**Assignment**:
What you write must match, character for character, the lines from the one with "A useful modules" down to the one with "Hi guys, welcome" in the listing below, minus its pictures.
Segment Start: Material for this exercise
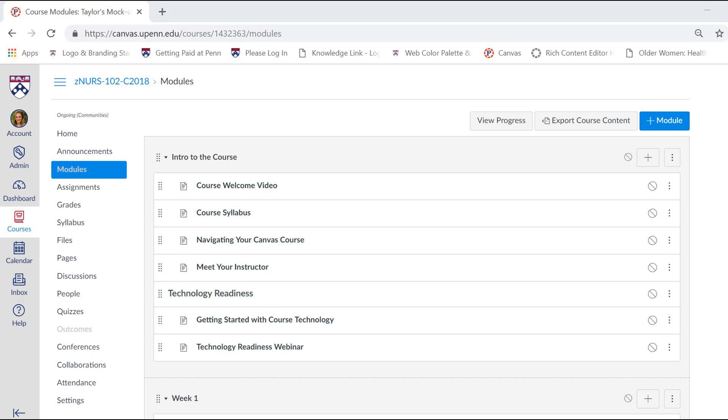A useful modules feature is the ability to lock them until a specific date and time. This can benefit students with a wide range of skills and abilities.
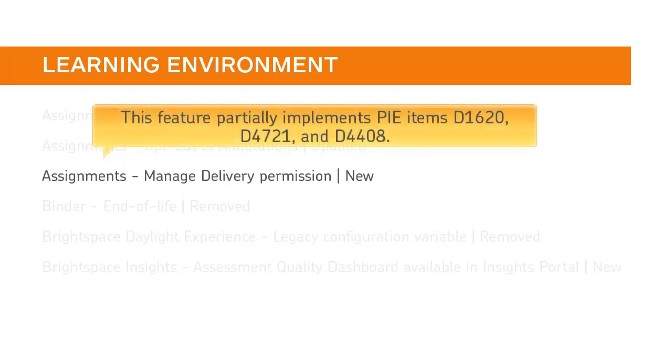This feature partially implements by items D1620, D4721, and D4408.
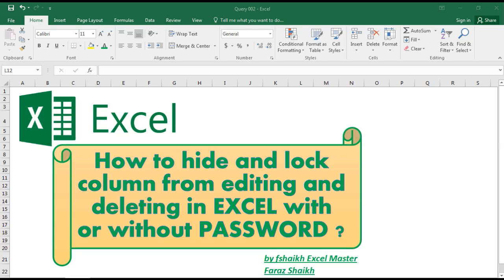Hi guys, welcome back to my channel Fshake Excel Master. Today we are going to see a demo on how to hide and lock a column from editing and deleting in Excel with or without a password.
Segment End: Material for this exercise
Segment Start: Material for this exercise
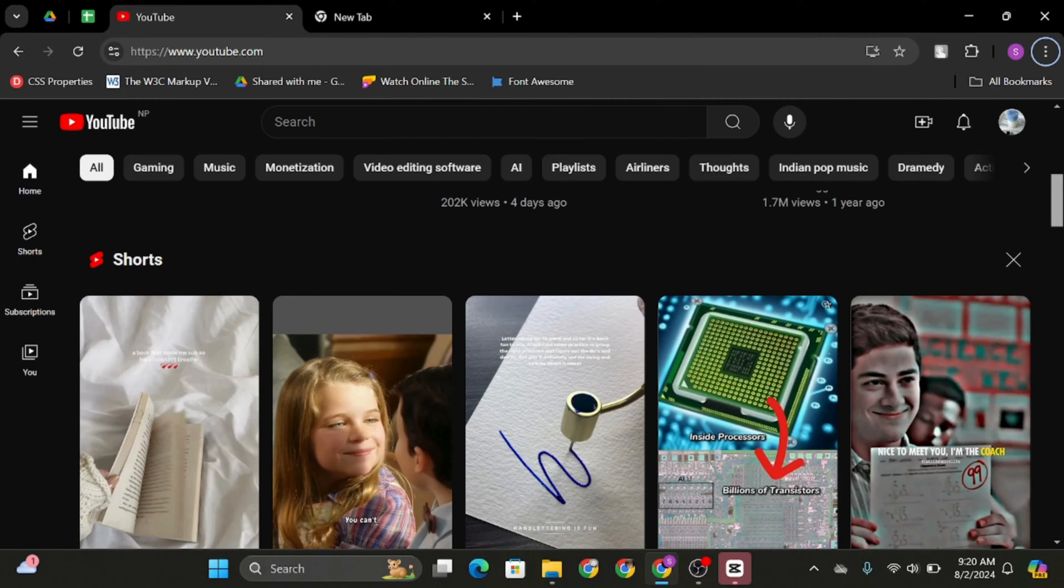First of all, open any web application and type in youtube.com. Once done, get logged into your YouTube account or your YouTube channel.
Segment End: Material for this exercise
Segment Start: Material for this exercise
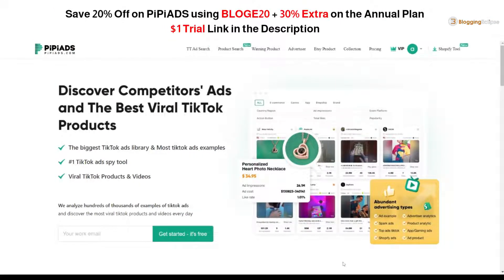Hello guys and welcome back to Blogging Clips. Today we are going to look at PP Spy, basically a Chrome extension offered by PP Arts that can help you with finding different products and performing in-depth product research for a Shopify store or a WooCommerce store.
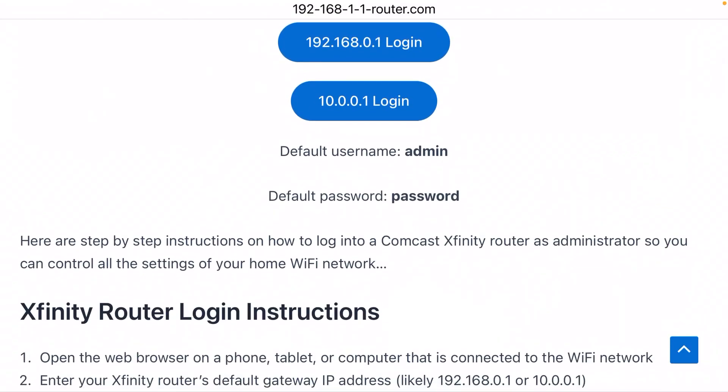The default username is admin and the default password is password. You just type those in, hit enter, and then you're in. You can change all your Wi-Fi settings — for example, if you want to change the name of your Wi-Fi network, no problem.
Segment End: Material for this exercise
**Problem solution**:
A useful modules feature is the ability to lock them until a specific date and time. This can benefit students with a wide range of skills and abilities.
This feature partially implements by items D1620, D4721, and D4408.
Hi guys, welcome back to my channel Fshake Excel Master. Today we are going to see a demo on how to hide and lock a column from editing and deleting in Excel with or without a password.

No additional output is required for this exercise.